» Your objective:
Return only the lines running from the first line of the listing through the one with "Acer 2-in-1 Touchscreen", unchanged.

━━━ Record excerpts ━━━

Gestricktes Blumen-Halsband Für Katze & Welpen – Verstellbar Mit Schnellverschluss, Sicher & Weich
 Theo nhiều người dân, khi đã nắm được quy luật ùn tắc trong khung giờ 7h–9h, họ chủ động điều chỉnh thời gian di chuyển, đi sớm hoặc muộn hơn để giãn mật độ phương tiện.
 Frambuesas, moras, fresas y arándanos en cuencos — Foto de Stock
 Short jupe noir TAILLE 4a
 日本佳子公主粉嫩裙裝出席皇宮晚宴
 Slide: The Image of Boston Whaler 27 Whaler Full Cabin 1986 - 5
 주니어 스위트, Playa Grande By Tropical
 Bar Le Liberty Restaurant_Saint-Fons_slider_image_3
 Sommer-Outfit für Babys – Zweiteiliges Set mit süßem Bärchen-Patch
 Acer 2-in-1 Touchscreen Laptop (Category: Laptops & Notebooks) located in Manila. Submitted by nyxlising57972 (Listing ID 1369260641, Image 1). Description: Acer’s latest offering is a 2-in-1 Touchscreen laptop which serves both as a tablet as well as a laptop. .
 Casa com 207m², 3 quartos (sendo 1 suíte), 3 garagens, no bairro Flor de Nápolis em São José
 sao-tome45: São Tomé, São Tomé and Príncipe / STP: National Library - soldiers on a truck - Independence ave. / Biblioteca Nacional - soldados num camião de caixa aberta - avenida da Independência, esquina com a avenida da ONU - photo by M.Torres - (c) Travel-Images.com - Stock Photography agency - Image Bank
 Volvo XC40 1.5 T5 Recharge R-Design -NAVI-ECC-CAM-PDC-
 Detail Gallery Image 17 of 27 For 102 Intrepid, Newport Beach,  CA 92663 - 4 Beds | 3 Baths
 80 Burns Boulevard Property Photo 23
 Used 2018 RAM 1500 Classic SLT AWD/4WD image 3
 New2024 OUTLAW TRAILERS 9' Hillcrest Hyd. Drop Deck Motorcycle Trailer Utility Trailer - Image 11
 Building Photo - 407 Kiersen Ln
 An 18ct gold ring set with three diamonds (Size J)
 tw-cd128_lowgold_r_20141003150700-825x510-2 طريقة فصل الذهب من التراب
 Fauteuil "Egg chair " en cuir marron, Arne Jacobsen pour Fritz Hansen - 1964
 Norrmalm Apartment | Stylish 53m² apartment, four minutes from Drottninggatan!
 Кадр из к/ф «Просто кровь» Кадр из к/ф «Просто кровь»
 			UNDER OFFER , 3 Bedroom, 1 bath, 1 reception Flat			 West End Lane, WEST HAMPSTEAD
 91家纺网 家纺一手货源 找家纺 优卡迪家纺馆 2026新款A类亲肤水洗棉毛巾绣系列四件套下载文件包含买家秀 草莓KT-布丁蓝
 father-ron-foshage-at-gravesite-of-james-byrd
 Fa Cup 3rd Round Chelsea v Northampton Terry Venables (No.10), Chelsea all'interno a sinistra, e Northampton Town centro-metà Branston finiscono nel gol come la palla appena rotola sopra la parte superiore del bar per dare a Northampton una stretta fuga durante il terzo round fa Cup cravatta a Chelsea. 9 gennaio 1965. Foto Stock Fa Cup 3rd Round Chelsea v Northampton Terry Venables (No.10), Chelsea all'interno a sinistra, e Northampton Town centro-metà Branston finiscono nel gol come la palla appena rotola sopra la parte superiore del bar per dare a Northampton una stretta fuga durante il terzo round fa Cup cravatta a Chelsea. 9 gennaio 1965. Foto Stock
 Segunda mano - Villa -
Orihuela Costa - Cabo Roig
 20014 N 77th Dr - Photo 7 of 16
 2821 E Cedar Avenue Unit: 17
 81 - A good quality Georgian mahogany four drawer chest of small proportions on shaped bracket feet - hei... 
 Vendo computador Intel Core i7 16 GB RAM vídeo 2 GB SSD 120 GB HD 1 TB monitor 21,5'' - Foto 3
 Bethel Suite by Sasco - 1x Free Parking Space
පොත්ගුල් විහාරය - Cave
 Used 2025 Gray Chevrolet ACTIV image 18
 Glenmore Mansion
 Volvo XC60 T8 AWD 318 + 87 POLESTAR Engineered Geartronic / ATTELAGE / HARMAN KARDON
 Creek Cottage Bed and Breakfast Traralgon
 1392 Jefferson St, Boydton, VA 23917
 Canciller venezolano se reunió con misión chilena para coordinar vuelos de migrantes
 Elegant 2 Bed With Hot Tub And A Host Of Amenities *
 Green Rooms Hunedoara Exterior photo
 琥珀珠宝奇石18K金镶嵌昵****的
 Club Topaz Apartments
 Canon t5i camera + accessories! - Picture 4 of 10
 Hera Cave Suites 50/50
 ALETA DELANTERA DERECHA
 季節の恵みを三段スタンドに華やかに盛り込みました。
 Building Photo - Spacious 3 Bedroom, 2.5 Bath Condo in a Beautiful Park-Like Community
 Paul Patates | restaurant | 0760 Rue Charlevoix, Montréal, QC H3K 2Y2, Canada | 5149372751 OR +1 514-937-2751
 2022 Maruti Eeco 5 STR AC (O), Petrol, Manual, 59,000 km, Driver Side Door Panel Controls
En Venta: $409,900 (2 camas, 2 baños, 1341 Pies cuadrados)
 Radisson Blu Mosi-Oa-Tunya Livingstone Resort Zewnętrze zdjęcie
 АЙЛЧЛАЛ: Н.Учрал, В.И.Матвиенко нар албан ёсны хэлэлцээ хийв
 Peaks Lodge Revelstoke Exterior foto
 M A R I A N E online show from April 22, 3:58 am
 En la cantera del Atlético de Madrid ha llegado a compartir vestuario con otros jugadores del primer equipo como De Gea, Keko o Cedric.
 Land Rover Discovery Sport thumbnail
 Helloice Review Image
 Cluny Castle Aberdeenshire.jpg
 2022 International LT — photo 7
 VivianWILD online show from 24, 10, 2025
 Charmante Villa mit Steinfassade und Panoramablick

━━━

» Answer for this exercise:
Gestricktes Blumen-Halsband Für Katze & Welpen – Verstellbar Mit Schnellverschluss, Sicher & Weich
 Theo nhiều người dân, khi đã nắm được quy luật ùn tắc trong khung giờ 7h–9h, họ chủ động điều chỉnh thời gian di chuyển, đi sớm hoặc muộn hơn để giãn mật độ phương tiện.
 Frambuesas, moras, fresas y arándanos en cuencos — Foto de Stock
 Short jupe noir TAILLE 4a
 日本佳子公主粉嫩裙裝出席皇宮晚宴
 Slide: The Image of Boston Whaler 27 Whaler Full Cabin 1986 - 5
 주니어 스위트, Playa Grande By Tropical
 Bar Le Liberty Restaurant_Saint-Fons_slider_image_3
 Sommer-Outfit für Babys – Zweiteiliges Set mit süßem Bärchen-Patch
 Acer 2-in-1 Touchscreen Laptop (Category: Laptops & Notebooks) located in Manila. Submitted by nyxlising57972 (Listing ID 1369260641, Image 1). Description: Acer’s latest offering is a 2-in-1 Touchscreen laptop which serves both as a tablet as well as a laptop. .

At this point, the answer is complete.